Attempting to pinpoint how slasher films affect an audience, Clover focuses on adolescent males who watch slasher films or, as she puts it, “my interest in the male viewer’s stake in horror spectatorship is such that I have consigned to virtual invisibility all other members of the audience” (p.7). If I didn’t know any better, I would assume that she’s trying to pad the word count, a college freshman desperately fluffing her English final the night before it is due. I think all of us have done some desperate fluffing at one point or another (stop it, you pervert), but this is supposed to be an academically authoritative work. Here is a simple, concrete point that has been obfuscated to subtly comedic levels; a building block smothered in verbosity. Don’t editors LIKE finding things to hack away at? Here is a prime victim lying helpless, flailing limbs akimbo, and yet it survives intact.
Clover argues that adolescent males are the primary audience for slashers without much in the way of convincing evidence, but I’ll go ahead and concede that point. Even if a male slasher fan isn’t technically an “adolescent”, I figure it takes at least a partially adolescent mindset to enjoy watching a cheerleader being chased through the woods with a pair of garden shears, to which I speak from personal experience (I mean the experience of watching these movies, not the experience of stabbing cheerleaders).
So, if you want to research how an adolescent male watches slasher movies, you could…
A. Hook electrodes up the adolescent male’s brain as he watches a Slumber Party Massacre marathon.
B. Interview adolescent males about their reaction to watching a Slumber Party Massacre marathon.
C. Be an adolescent male yourself who enjoys slasher movies, and take note of why you watch them and how they affect you. For example, if your eyes bulge out when you witness a slumber party pillow fight, write that down. It might be important.
The fourth possibility is that you’re an adolescent female slasher fan that attempts to apply theoretical male thinking to your own viewing experiences, which is really just a subset of approach C. Unfortunately, Clover fits none of these categories. It should be clear to the reader within the first few pages of the book that she is approaching the slasher genre as an academic and not as a detached fan. When clover declares that horror is a “marginal genre that appeals to marginal people” (p.231), she is clearly not including herself amongst the “marginal”, the great unwashed “other”. However, I suppose it’s feasible that someone, through research that mostly involves watching these films on terms that a “regular” viewer might, could lay a foundation for a reasoned analysis. However, as she explains, she had “assiduously avoided” exploitation films until a viewing of The Texas Chainsaw Massacre (p.19). I honestly don’t know what “assiduously” means, but then again, I’m not the kind of guy that avoids exploitation films.

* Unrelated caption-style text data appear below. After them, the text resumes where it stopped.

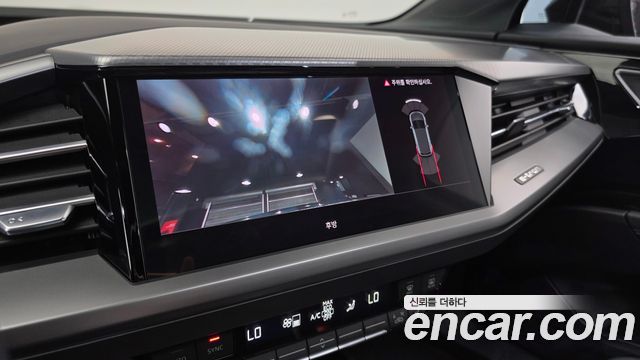 Audi Q4 e-tron (F4) 40 Premium 2022 — фото 16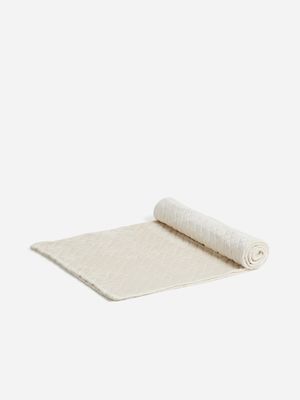 Jet Home Cream Embossed Fleece Throw 125x150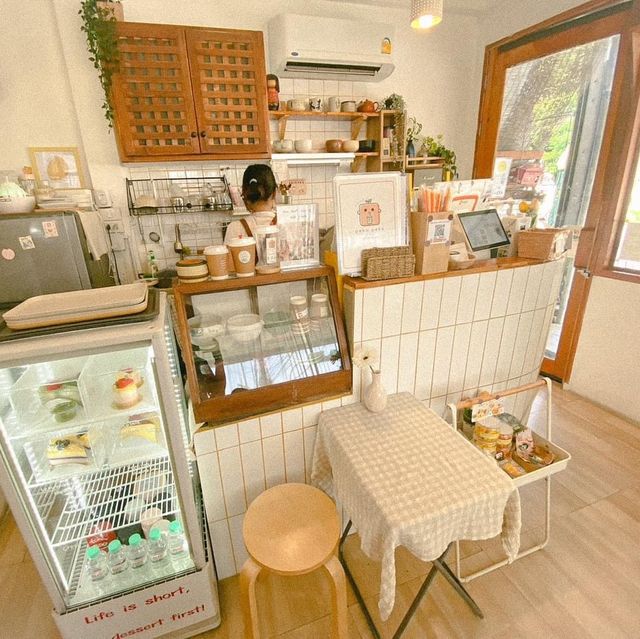 Peko peko peko café 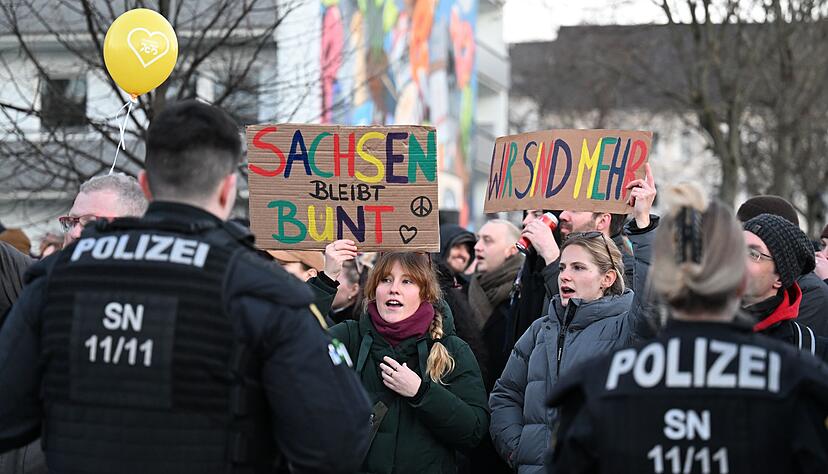 Hunderte Menschen haben in Chemnitz gegen Rechtsextremismus demonstriert.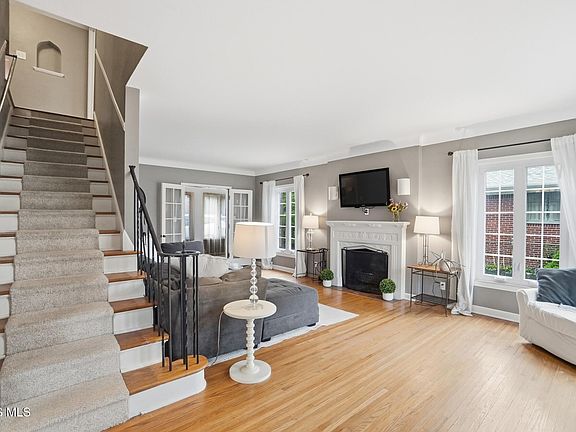 4th image of 2523 Orchard Rd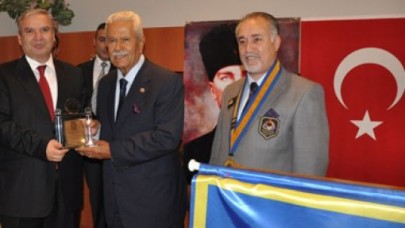 Rotaryenlerden Sezgin'e Üstün Hizmet Ödülü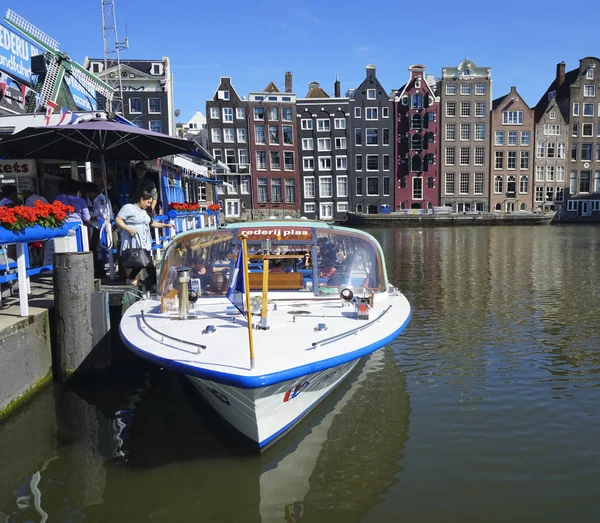 Άμστερνταμ Βόρεια Ολλανδία Ολλανδία Ιουλίου 2019 Κλασικό Άμστερνταμ Σπίτια Ψηλό — Φωτογραφία Αρχείου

This viewing inspired her to “(question) the notion of the ‘male gaze’, (as well as) the notion of ‘exploitation’ and the relation of that notion to film theory” (p.19). She was inspired to write what ended up being the first chapter on slasher films, watching “several dozen” movies as research (p.19). It would be easy to say that the sample size here is insufficient, but the more important point is that she already had theories in place (or even just notions of theories) after having seen just one single film that falls within the scope of her topic. The entire chapter makes it abundantly clear that she watched these films (i.e., her research) and forced various components to fit the models she had already started developing. No “regular” viewer would watch a slasher film under the guise of “questioning the notion of the ‘male gaze’”, so these models, while potentially useful for other purposes, do not approximate how “real” people watch these films.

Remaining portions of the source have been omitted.